Но помимо резкой критики искусства буржуазных верхов, основное, чем занят Ревалд в первых главах своей книги, это выявлением всех связей нового направления с предшествующим реалистическим течением. Связи эти он прослеживает очень внимательно и точно. Он вскрывает их и на анализе самих произведений и при помощи излюбленного им метода: приведения множества фактов, свидетельствующих о том, как неукоснительно молодые художники стремились идти по стопам художников-реалистов. Ревалд снова говорит о близости к Коро молодого Писсарро, подчеркивает то большое влияние, которое оказывал на всю группу молодых художников Курбе, отмечает восхищение, с каким относился Моне к произведениям Добиньи. Специальная глава отведена описанию пребывания всех учеников Глейра, восставших против своего учителя, - Моне, Базиля, Ренуара - в Шайи, около Барбизона, в лесах Фонтенбло, в "святая святых" французского реалистического пейзажа.
В книге показана явная общность художественных идеалов старшего и молодого поколений, стремящихся к наибольшей простоте и безыскусственности в изображении природы, вплоть до того, что сам термин "impression", понимаемый как сохранение в картине первичного, непосредственного впечатления от природы, возник в самых недрах реалистической пейзажной школы много раньше, чем импрессионизм сформировался как течение. Мы узнаем и о тех личных, глубоко дружеских отношениях, которые связывали старших и младших художников: о Добиньи и Курбе, постоянно оказывавших не только моральную, но и материальную помощь все время находившимся в острой нужде Моне, Писсарро, Ренуару; мы видим Моне и Будена у постели больного и всеми покинутого Курбе, только что вышедшего из тюрьмы Сент-Пелажи, куда он был заточен после разгрома Парижской коммуны.
Ничто так не сплачивает и не вскрывает внутреннее единство друзей и союзников, как наличие общего врага. И опять-таки на целом ряде неопровержимых фактов Ревалд показывает, что и у художников-реалистов и у начинающих импрессионистов были общие враги: официальные художественные учреждения, будь то Школа изящных искусств или академический институт и буржуазная публика. Картины Мане, Моне, Писсарро, Ренуара, Дега отвергались теми же официальными жюри, что и картины реалистов, над ними смеялась та же светская чернь, которая издевалась раньше над "Похоронами в Орнане" и "Купальщицами" Курбе.

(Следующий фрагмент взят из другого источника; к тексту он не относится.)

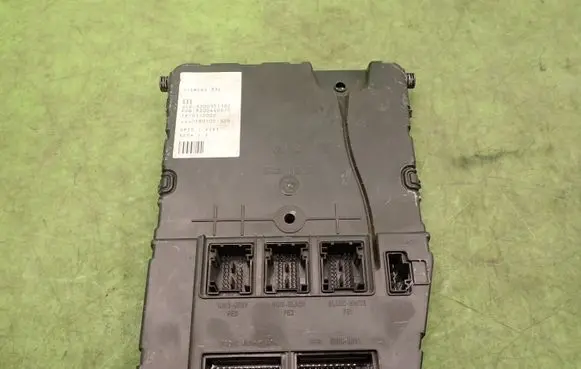 Renault Megane II Central body control module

Читая о событиях, даже давно известных, но данных последовательно и в живом сопоставлении, становится особенно ясно, до какой степени была стойкой старая, давно уже потерявшая всякую связь с жизнью академическая традиция классицизма. Ни романтическое, ни реалистическое искусство не поколебали ее господства, и против ее тирании молодые художники 60-х годов должны были бороться так же, как боролись против нее реалисты 40-х годов. Стоит только прочесть, как учитель Моне Глейр, питомец энгровской школы, упрекал своего ученика за то, что он слишком точно передает характер модели: "Перед вами коренастый человек, вы и рисуете его коренастым... Все это очень уродливо. Запомните, молодой человек: когда рисуете фигуру, всегда нужно думать об античности. Натура, друг мой, хороша как один из элементов этюда, но она не представляет интереса. Стиль, вот в чем заключается все!" Под "стилем" подразумевалось, конечно, все то же подражание античности, которое уже более чем полстолетия, как тяжелое ярмо, взваливалось на плечи всех начинающих художников Франции. И подобные тирады, которые были бы вполне уместны в мастерской Давида начала XIX, а то и конца XVIII века, произносились в 1862 году, за год до смерти Делакруа, когда Курбе и Милле уже пережили пору своей зрелости.